How to Use a Common Table Expression (CTE) in SQL

A tiger developer coding on his computing (and probably using a common table expression).

Written by Dylan Paulus

Common Table Expressions (CTEs) are my go-to tool when writing complex SQL queries. They can be thought of as working like sub-queries or temporary tables but with their own superpowers.

In this article, we'll take a deep dive into what CTEs are and how they can simplify your queries, how recursive CTES can turn impossible PostgreSQL queries into possible, and how to use CTEs to create optimization fences to improve the performance of your queries.

Finally, at the end of the article, we'll discuss Timescale's hyperfunctions and how they improve and simplify our queries like CTEs do.

What Is a Common Table Expression?

Common Table Expressions are auxiliary queries that provide a temporary result set to a primary query. In other words, think of CTEs as a temporary table that only exists for the duration of a query. To get started, let's break down the structure of CTEs in SQL:

WITH [cte name] AS ( [auxiliary query] ) [primary query]

Breakdown:

  • WITH clause: Starts the common table expression and comes before the primary query. (You may also encounter people calling CTEs "With statements.")

  • CTE name: Defines the name of the CTE that can be referenced in the primary query—the name must be unique within the query.

  • AS: The As keyword starts the CTE definition.

  • Auxiliary query: This defines the CTE and "populates the temporary table."

  • Primary query: The primary query is our main SQL query—we can reference the CTE by name and use it like a regular table.

Common table expressions are not limited to just one auxiliary statement. We can separate auxiliary statements with a comma to provide any number of CTEs.

WITH [cte name] AS ( [query] -- auxiliary one statement ), [cte 2 name] AS ( [query] -- auxiliary two statement ), [cte 3 name] AS ( [query] -- auxiliary three statement ) [primary query] -- primary statement

Now that we know the structure of CTEs, let's dive into an example to solidify our mental model of CTEs and learn why they're helpful!

Using CTEs

For this example, we manage an employee management system. The database contains two tables: a departments table and a employees table. The database schema looks like this:

CREATE TABLE departments ( id SERIAL PRIMARY KEY, name VARCHAR(255) NOT NULL ); CREATE TABLE employees ( id SERIAL PRIMARY KEY, name VARCHAR(255) NOT NULL, department_id INTEGER REFERENCES departments(id), salary DECIMAL(10, 2), hire_date DATE );

Our manager has given us a task to determine how much money it costs to operate each department. Using CTEs, we can break the task up into two steps.

First, we need to sum up the salaries for every employee per department. The SQL to do this would look like this:

SELECT department_id, SUM(salary) AS total_salary FROM employees GROUP BY department_id

Second, we need to list and order the departments by the highest-costing departments. The query would be:

SELECT d.name, [department budgets].cost FROM [department budgets] ORDER BY [department budgets].cost DESC;

Since we have yet to learn each department's cost, we need to write placeholders for now. We can combine the two queries created into a single query using CTEs. The final report would look like this:

WITH department_budgets AS ( SELECT department_id, SUM(salary) AS cost FROM employees GROUP BY department_id ) SELECT d.name, db.cost FROM department_budgets db JOIN departments d ON d.id = db.department_id ORDER BY db.cost DESC;

With the queries combined, we can replace the placeholders with the name of the CTE.

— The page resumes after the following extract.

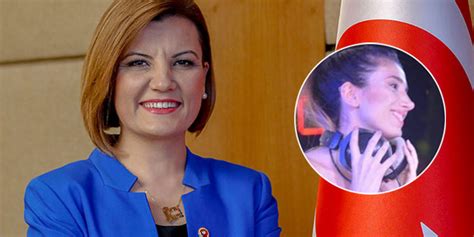 Mustafa üstündağ eski eşi ecem özkaya ile 9 yıl evli. CHP'nin PKK'ya ödediği diyet... Mustafa Kemal heykelinin ...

Of course, the SQL statement could be written without using CTEs. That query would be messier. Also, the GROUP BY clause is a frequent source of frustration and confusion for many of us—especially within complex queries. CTEs allow us to organize our thoughts and tackle problems step-by-step. The end result is an easy-to-read query. Not only can we use CTEs to query data, but they are powerful tools for modifying data.

Modifying Data With CTEs

We can use INSERT, UPDATE, and DELETE statements within a common table expression's auxiliary or primary query. Paired with RETURNING clauses, which returns the data being modified, CTEs provide a great way to replicate or log changes to another table. For example, let's say we have a table to track employees who have left the company.

CREATE TABLE deactivated_employees ( id SERIAL PRIMARY KEY, name VARCHAR(255) NOT NULL, department_id INTEGER REFERENCES departments(id), deactivation_date DATE );

When an employee leaves the company, we want to delete that employee from the employees table and add them to the deactivated_employees table. This can be done by deleting the row within the CTE and RETURNING the information we need from that row. Then, have the primary query INSERT the deleted data into deactivated_employees by referencing the CTE. The CTE would look like this:

WITH deactivated AS ( DELETE FROM employees WHERE id = 1 RETURNING id, name, department_id ) INSERT INTO deactivated_employees SELECT id, name, department_id, now() FROM deactivated;

Combining data-modifying statements with read statements opens up many use cases. But this is just the beginning. Next, we'll look at recursive queries and how near-impossible queries become simple when using CTEs.

Recursive Queries

Recursive CTEs are incredibly powerful, especially when dealing with hierarchical or tree-structured data, such as organizational charts, file systems, or categories with subcategories. They allow us to query data related to a parent-child relationship, iterating through the hierarchy levels until a particular condition is met. Only through a recursive common table expression can a relational database like PostgreSQL be turned into a graph database.

WITH can be given an optional modifier, RECURSIVE, to turn CTEs into recursive loops. The SQL structure looks like this:

WITH RECURSIVE [cte name] AS ( [base case] UNION ALL [recursive term] ) [primary query]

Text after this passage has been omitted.